AWS Sample:

GenAI experimentation has been primarily with Large Language Models (LLMs). With GenAI, it is also relatively simple to use Diffusion Models for Multimodal image synthesis.

This example uses Streamlit and Stable Diffusion XL to showcase a simple and intuitive user-interface. User provides an input image & some text to help guide generation of an output-image.
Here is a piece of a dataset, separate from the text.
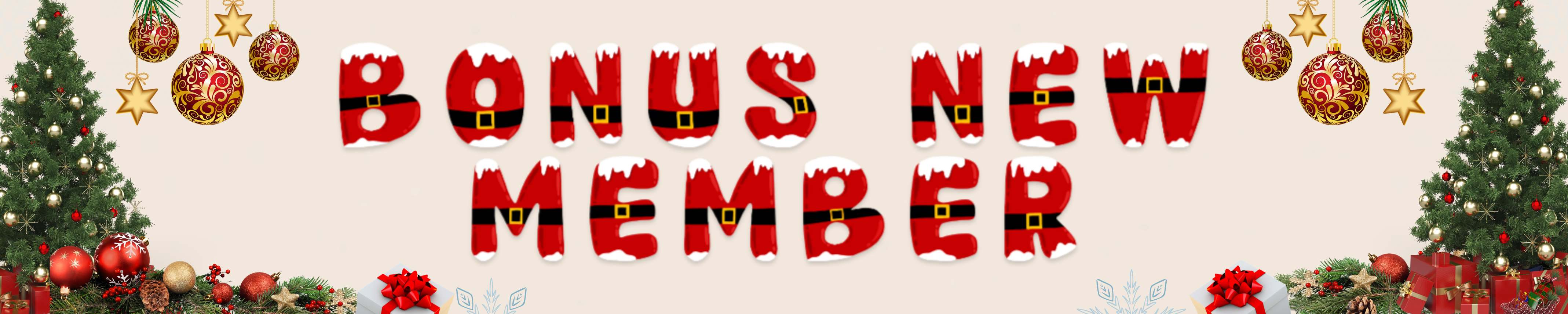 BONUS NEW MEMBER 100%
Key features of this sample:

  • Synthesise image using text-only prompt[s]
  • Synthesise image using a mix of input-image and text prompt[s]
  • Control the input-image strength towards the final output-image
  • Generate/re-generate images on the fly
  • Streamlit allows the App to be used on smart-phones and many other devices
  • User can provide input-picture from their smart-phone camera or upload images from device storage.
  • Download generated images onto local storage and/or S3 bucket

Getting Started

  1. Using SageMaker Jumpstart (Studio) deploy Stable Diffusion XL 1.0 model. Take a note of the endpoint-name (for example sdxl-jumpstart)
  2. It is recommended to use a Cloud9 environment as it comes bundled with AWS CLI pre-installed. Create a Cloud9 environment
  3. Streamlit runs on port 8501 by default, allow this in Security-Group associated with Cloud9 instance

Once the Cloud9 environment is setup, this example requires at least python 3.8. To install python 3.8:

sudo amazon-linux-extras install python3.8
sudo update-alternatives --install /usr/bin/python3 python3 /usr/bin/python3.8 1
sudo update-alternatives --install /usr/bin/python python /usr/bin/python3.8 1

Clone the sample repository:

'git clone https://github.com/aws-samples/amazon-aiml-genai-streamlit-stable-diffusion.git'

Download libraries & setup a virtual environment so all python dependencies are stored within project directory:

Admin:~/environment/amazon-aiml-genai-streamlit-stable-diffusion (main) $ ./download-dependencies.sh
Admin:~/environment/amazon-aiml-genai-streamlit-stable-diffusion (main) $ python -m venv .venv
Admin:~/environment/amazon-aiml-genai-streamlit-stable-diffusion (main) $ source .venv/bin/activate
(.venv) Admin:~/environment/amazon-aiml-genai-streamlit-stable-diffusion (main) $ pip install -r requirements.txt

Create a directory and file to store global password for the streamlit application:

Admin:~/environment/amazon-aiml-genai-streamlit-example (main) $ less .streamlit/secrets.toml

# .streamlit/secrets.toml

password = "Your-Password"

Update resources in the glib.py file:

# SM Jumpstart Consts
region_name = "us-west-2"
storage_bucket = "your-s3-storage"
sm_sdxl_ep = "sdxl-jumpstart"

Ensure that the Role/permissions associated with your Cloud9 instance can access:

  1. SageMaker runtime
  2. S3 bucket for output-image uploads

Now we run the sample streamlit application

To run the streamlit application, run the following command:

(.venv) Admin:~/environment/amazon-aiml-genai-streamlit-example (master) $ streamlit run genAI.py 

Collecting usage statistics. To deactivate, set browser.gatherUsageStats to False.


  You can now view your Streamlit app in your browser.

  Network URL: http://a.b.c.e:8501
  External URL: http://w.x.y.z:8501

Use a web browser to connect to the above streamlit app's URL

Security

See CONTRIBUTING for more information.

License

This library is licensed under the MIT-0 License. See the LICENSE file.